Touting a return to normalcy, the 2022 Dallas Art Fair and its related events take place April 20-24, with the main event April 22-24 at Fashion Industry Gallery. The fair brings back an expansive international roster of galleries, a collaboration with Aurora for a public video art event and its marquee closing-night party, The Eye Ball. And, of course, the Dallas Museum of Art will select a handful of works to put in its permanent collection thanks to the fair’s acquisition fund. In many ways, it will resemble pre-COVID fairs, and it will be a good place to take the temperature of the Dallas art world — to see what’s new and different post-pandemic.

The fair’s clearest development this year is its recruitment of galleries from Mexico, which fair director Kelly Cornell says is intentional. The fair hasn’t hosted a gallery from Mexico since 2016, when there was just one. This year’s fair features six, including exciting sculptural work from Alejandro Almanza Pereda, shown by Galería Curro.

“People from Dallas are visiting Mexico City and Guadalajara all the time,” Cornell says. “We wanted to foster these relationships so we could bring some of that art here.”

Some big international names are returning to the fair, including New York’s Kasmin Gallery and the international art hub Perrotin, both longtime fair attendees that were absent in 2021. Galerie Frank Elbaz will return this spring, but now solely as a Parisian gallery, having closed its Dallas location in 2021.

Meanwhile, notable local absences include Barry Whistler Gallery, which was slated to attend the canceled 2020 fair, and Liliana Bloch Gallery, which attended the 2021 fair but cited scheduling conflicts for this iteration. The recently resurrected Olivier François Galerie said it wasn’t invited to this year’s fair after attending in the fall.

Perhaps the most interesting story from this year’s fair will be two galleries that have long been out-of-town attendees and now call Dallas home. After becoming familiar with collectors and audiences thanks to the fair, New York gallery Keijsers Koning relocated to Dallas earlier this year. Just one week before the fair, beloved Los Angeles gallery Various Small Fires will open a new location in downtown Dallas.

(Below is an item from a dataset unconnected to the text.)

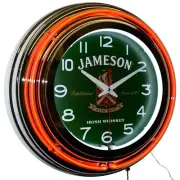 15" Jameson Irish Whisky Double Neon Clock Man Cave Bar Game Room Decor (Orange)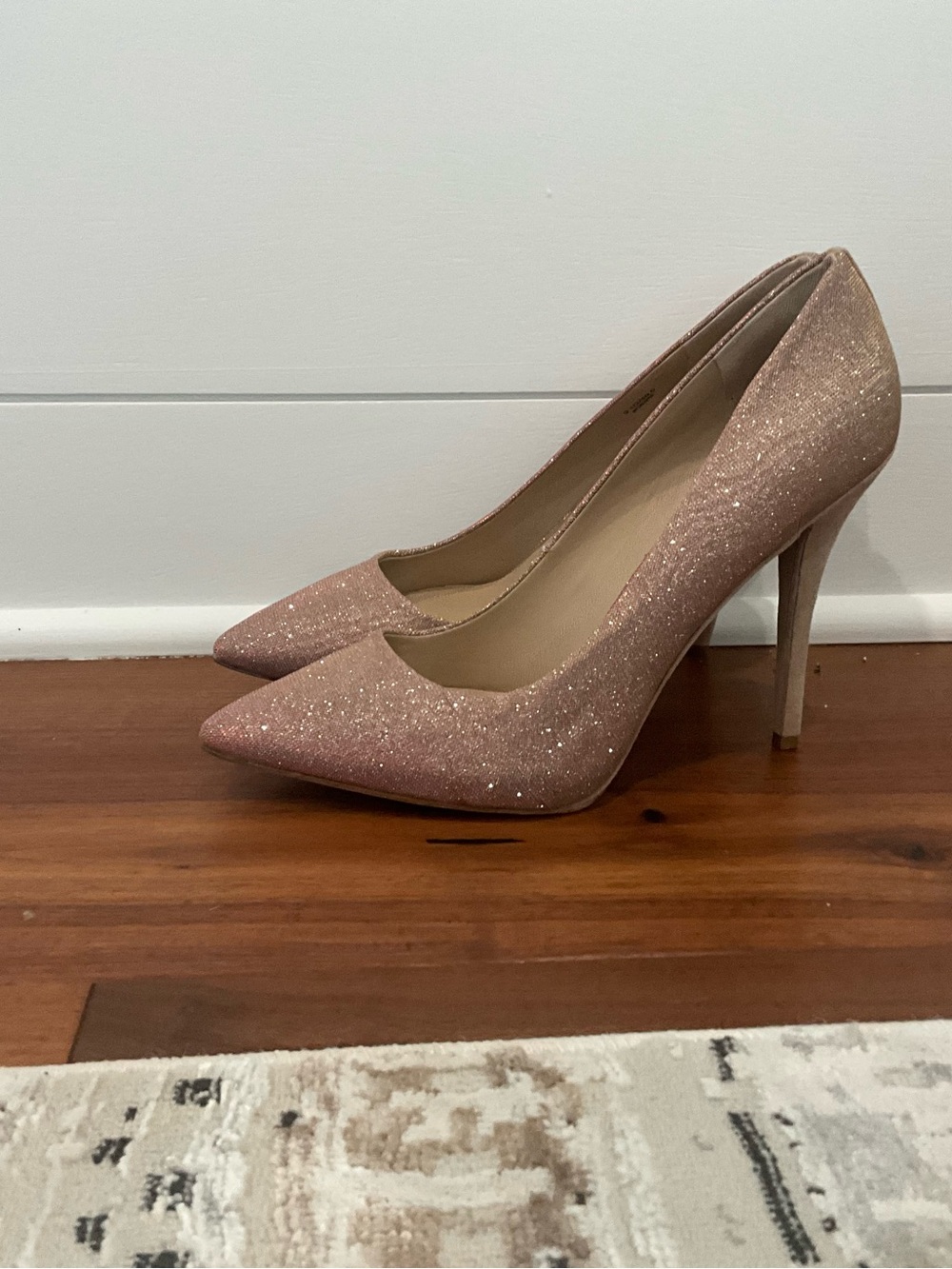 Brian Atwood Glitter Pointed-Toe Pumps in Blush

Keijsers Koning will exhibit the work of three artists, including Kenyan artist Kaloki Nyamai, who will be exhibiting simultaneously at the Venice Biennale. Various Small Fires will showcase eight artists.

“The arts ecosystem is growing here,” Cornell says. “I think this year is further proof the city is becoming a major arts hub.”

Details:

Dallas Art Fair events kick off April 20 with a free gallery night in the Dallas Design District, with open hours at galleries from 6 to 8 p.m.; participants include Gallery 12.26, Erin Cluley Gallery and the Green Family Art Foundation, among others. For ticket prices and a full schedule of events, visit dallasartfair.com.